ConstrainedClustering
- class hana_ml.algorithms.pal.clustering.ConstrainedClustering(n_clusters: int, encoder_hidden_dims: str = None, embedding_dim: int = None, normalization: int = None, seed: int = None, pretrain_learning_rate: float = None, pretrain_epochs: int = None, pretrain_batch_size: int = None, thread_ratio: float = None, gamma: float = None, ml_penalty: float = None, cl_penalty: float = None, theta: float = None, learning_rate: float = None, max_epochs: int = None, batch_size: int = None, update_interval: int = None, ml_batch_size: int = None, cl_batch_size: int = None, triplet_batch_size: int = None, ml_update_interval: int = None, cl_update_interval: int = None, triplet_update_interval: int = None, tolerance: float = None, verbose: int = None)
Constraints are additional information that guide the clustering process to produce results more in line with specific requirements or prior knowledge.
Pairwise Constraints: Must-Link constraints specify that two data points should be in the same cluster.
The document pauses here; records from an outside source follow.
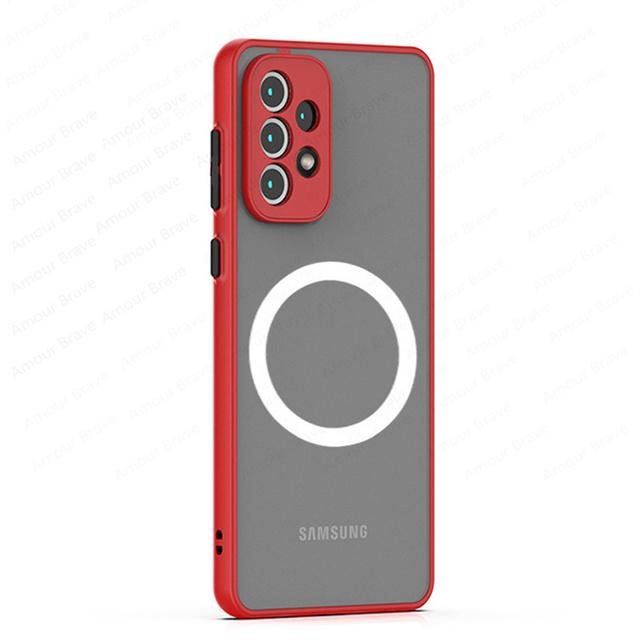 

Противоударные чехлы Magsafe для Samsung Galaxy A53 5g A52 A12 A13 A51 A71 A32, магнитный чехол для зарядки Samsung A52s A33, чехол A71 красный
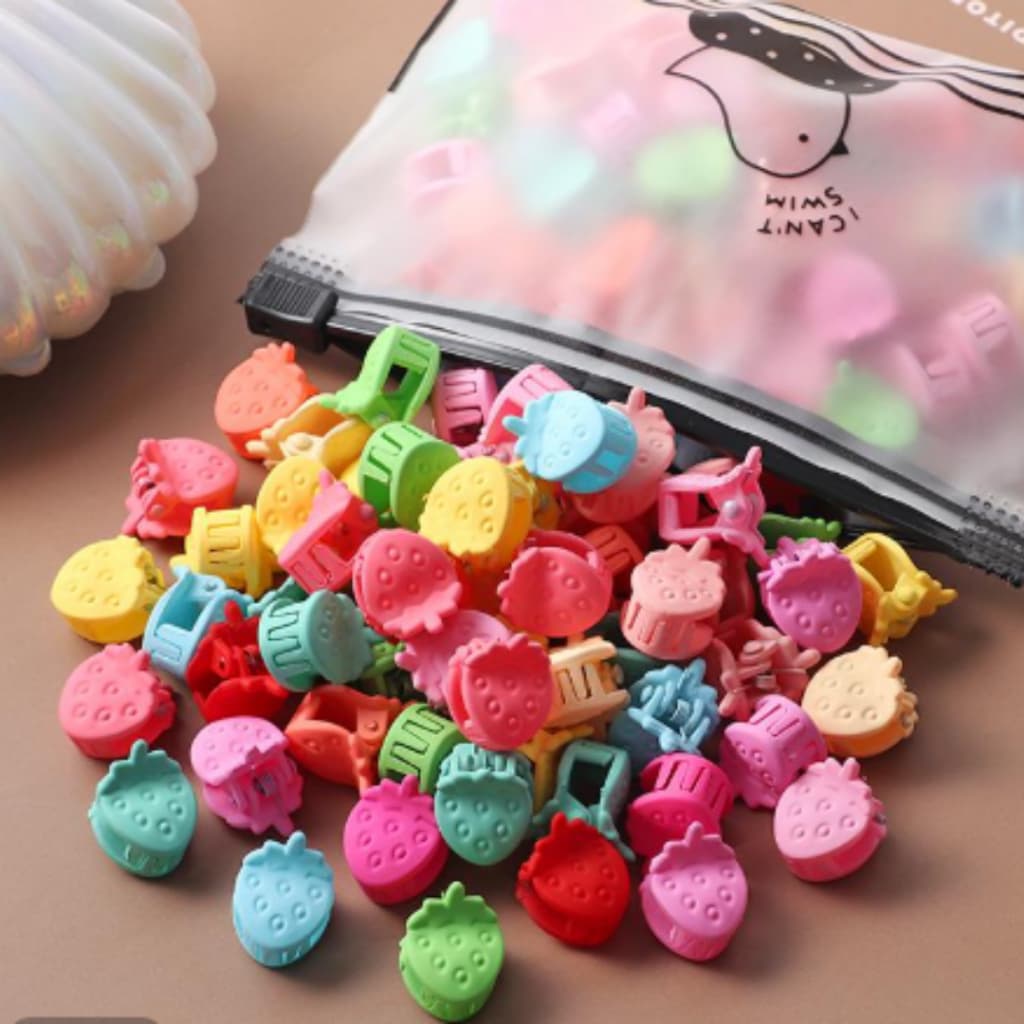 100 Peças Grampos Coloridos Infantil Colorido Florzinhas Borboletas e outros modelos  Clipes Mini presilha para meninas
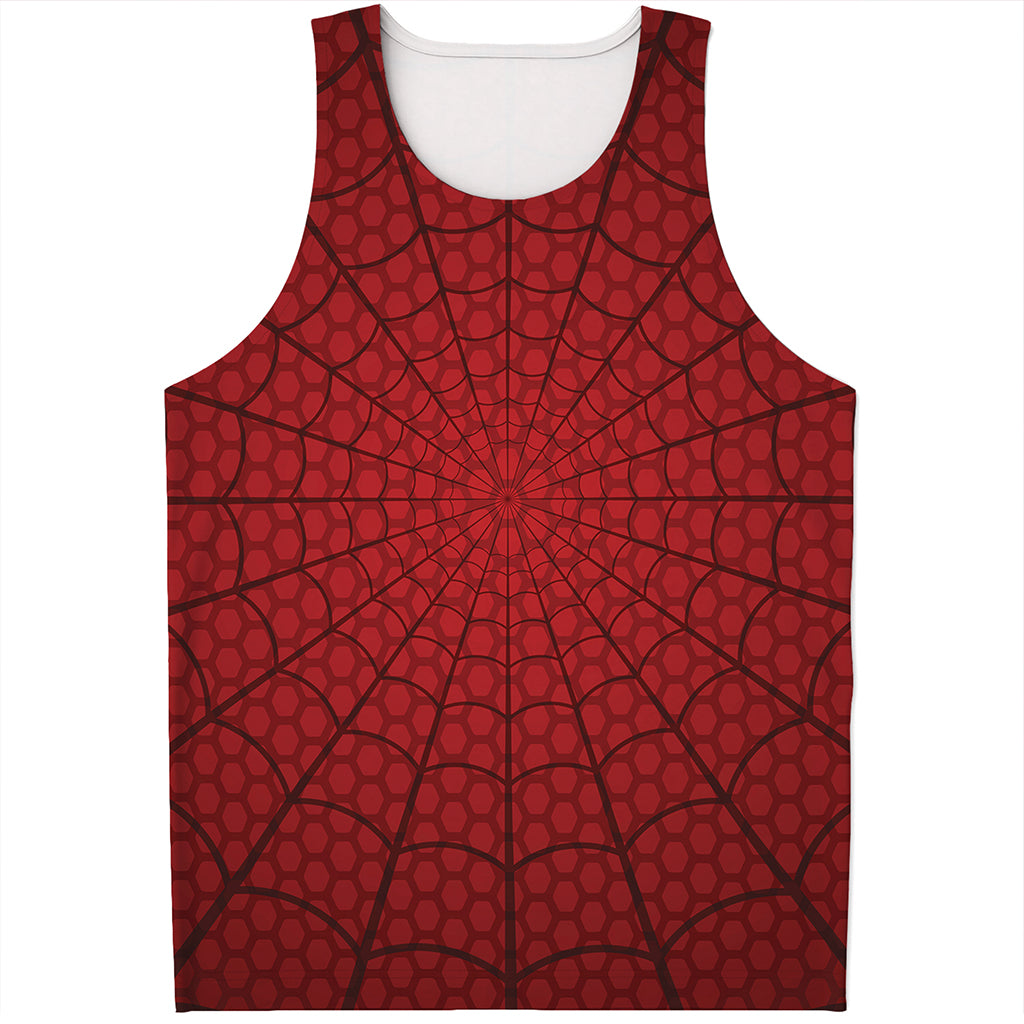 Red Spider Web Print Men's Tank Top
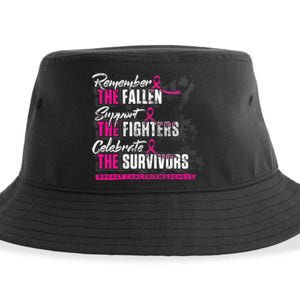 Remember The Fallen Support The Fighters Breast Cancer Sustainable Bucket Hat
Cannot-Link constraints indicate that two data points should not be in the same cluster.
Triplet Constraints: Given an anchor instance a, positive instance p and negative instance n the constraint indicates that instance a is more similar to p than to n.
- Parameters:
- n_clustersint
The number of clusters for constrained clustering.
The valid range for this parameter is from 2 to the number of records in the input data.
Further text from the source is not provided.